(b. 1841, Penzing, d. 1918, Wien)

Österreichische Postsparkasse: general view

Georg-Coch-Platz 2, Vienna

Wagner's late projects from 1903 radically continued the transformation of the work of Schinkel, Van der Nüll and Semper, as seen in his two master buildings: the sanatorium church of Kirche am Steinhof (also called Leopoldskirche), the church of the Steinhof Asylum in Penzing outside Vienna, and the Österreichische Postsparkasse (1903-12), also in Vienna. These buildings are considered his most revolutionary work; both utilized new materials - steel, glass, aluminium - and innovative modes of construction in a highly successful fusion of functional building and aesthetic vision.

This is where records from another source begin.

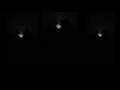 Download Lagu Dadi-Disaat aku mencintaimu      Slowed-Reverb-UNM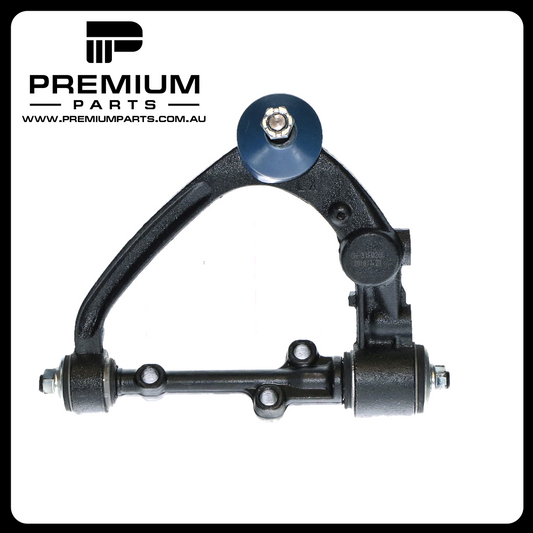 Upper Control Arm Left Side Aftermarket suits Toyota Hiace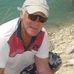 Profile Picture of Ken Entwistle (@ken.entwistle.7) on Facebook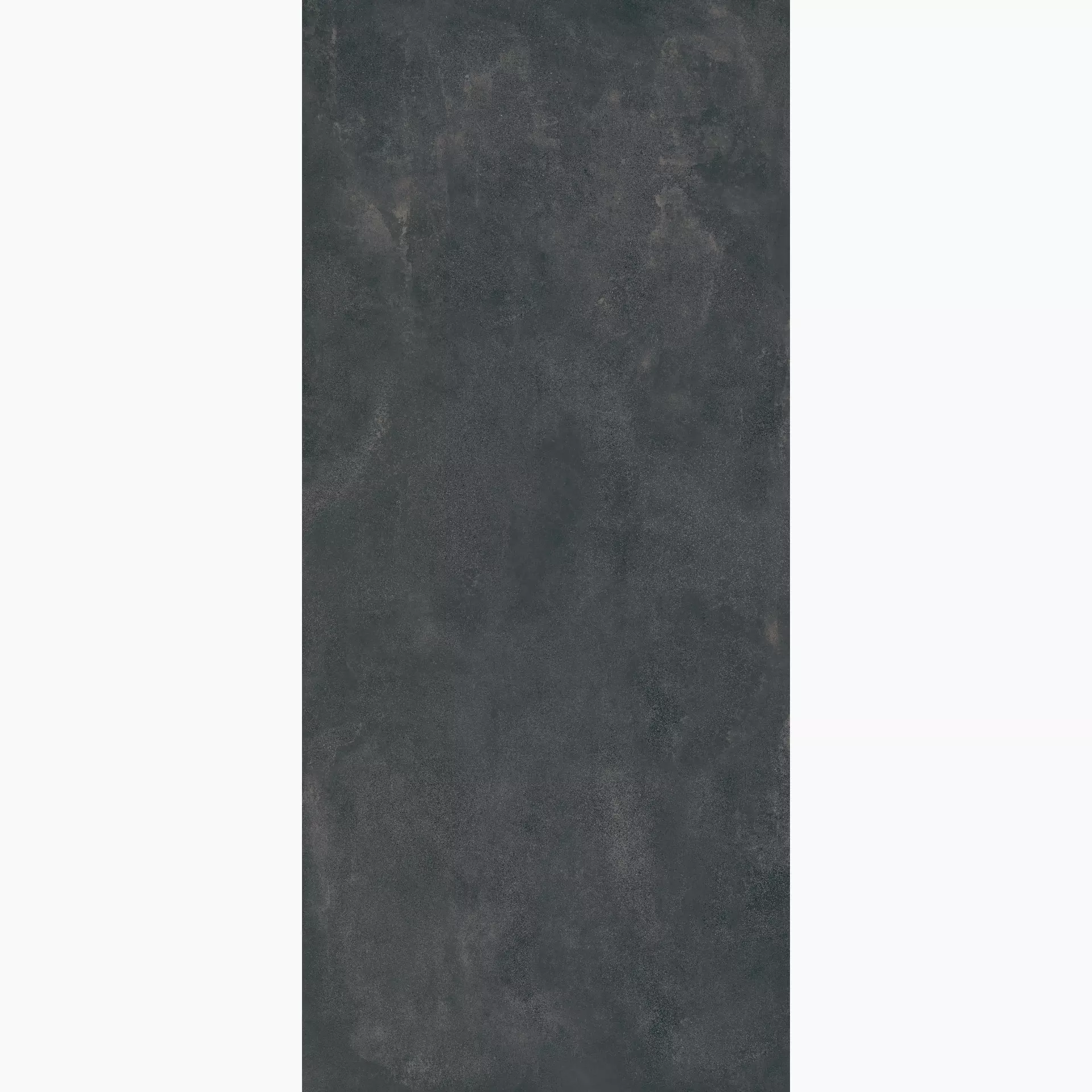 ABK Blend Concrete Iron Naturale PF60008645 120x280cm rectified 6mm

The design for the Österreichische Postsparkasse (Austrian Postal Savings Bank), one of his best-known works, won a competition (1903) and is based on a logical trapezoidal plan with a banking hall at its centre. The six-storey entrance façade, surmounted by a simple Sezessionstil pergola flanked by winged figures, has large windows set in walls faced with white marble with aluminium fixings. The central space of the banking hall (modified 1980s) had a glass vault of stilted elliptical section carried on riveted steel columns and a floor with glass lenses to light the basement below; aluminium ventilation bollards ranged around the wall added to the illusion of an industrial aesthetic. The bank owed its atmospheric effect to the impression of silver light produced by glass, aluminium and marble.

One of the earliest icons of the Modern Movement, it is contemporary with Frank Lloyd Wright's Larkin Building, pre-dates Peter Behrens's Turbinenfabrik in Berlin by several years and marks the achievement of Van der Nüll's concept of a tradition-driven modern architecture of the future.